With a sinister cackle, He jumps lightly from beam to beam…

I spent an extra half hour in the bathroom yesterday morning, and not because I was applying extra mascara and trying to impart a non-whorish flush to my pasty cheeks.
Instead, I was crouching on the toilet holding the door closed with my foot, wondering what I could use as a weapon.

At six o’clock yesterday morning, I woke next to a soundly sleeping fiancé and shuffled to the bathroom to commence my morning ablutions. It was while I was peering forlornly into the mirror over the sink that I heard the creaking.
The unmistakable creaking of footsteps in the hallway.

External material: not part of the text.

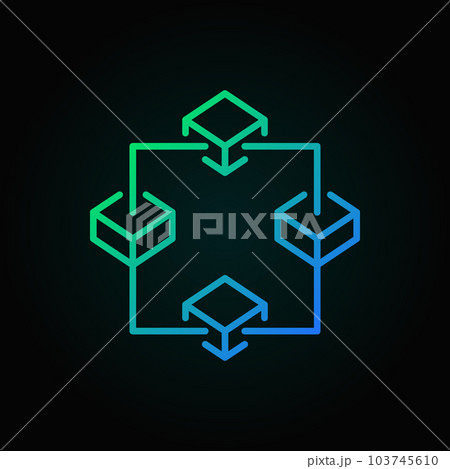 Blockchain colored outline vector icon. Block chain symbol Blockchain colored outline vector icon. Block chain symbol 103745610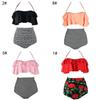 Damen Blumen High Waist Bikini Set Stilvolle Bademode Gepolstert Übergröße Badeanzug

There have been a string of muggings in my neighborhood in the past few months. Also, the lock on the front door of our duplex is broken. Of course, there is a deadbolt and a chain on our door, but for a skilled burglar/rapist, these things are but the work of a moment.
I have several persistent fears. Among them are dead bodies, rats (wild), and Someone In The House. Dead bodies do not have the requisite motor skills to make the creaking noises I was hearing this morning, and a sewer rat would have made more of a skritchy, snuffly sound.

The only possible weapon I could see was the curling iron. I could smack him with it, I mused, or jab it at him like a sword. I never did hit upon what now seems the obvious idea—plug it in, and use its burning properties. Apparently I am not as clever as I like to think I am, a fact that would have been aptly illustrated if I had indeed burst out of the bathroom brandishing a cold curling iron, the cord dangling behind me.
But I didn’t. What I did do was sit, as previously described, on the toilet, my foot holding the door closed.

Creak! Crrreeaak.
There it was again. A flurry of thoughts whirled through my mind: disturbingly, I felt a jolt of something like glee realizing that if I were attacked by an intruder, I wouldn’t have to go to work that day.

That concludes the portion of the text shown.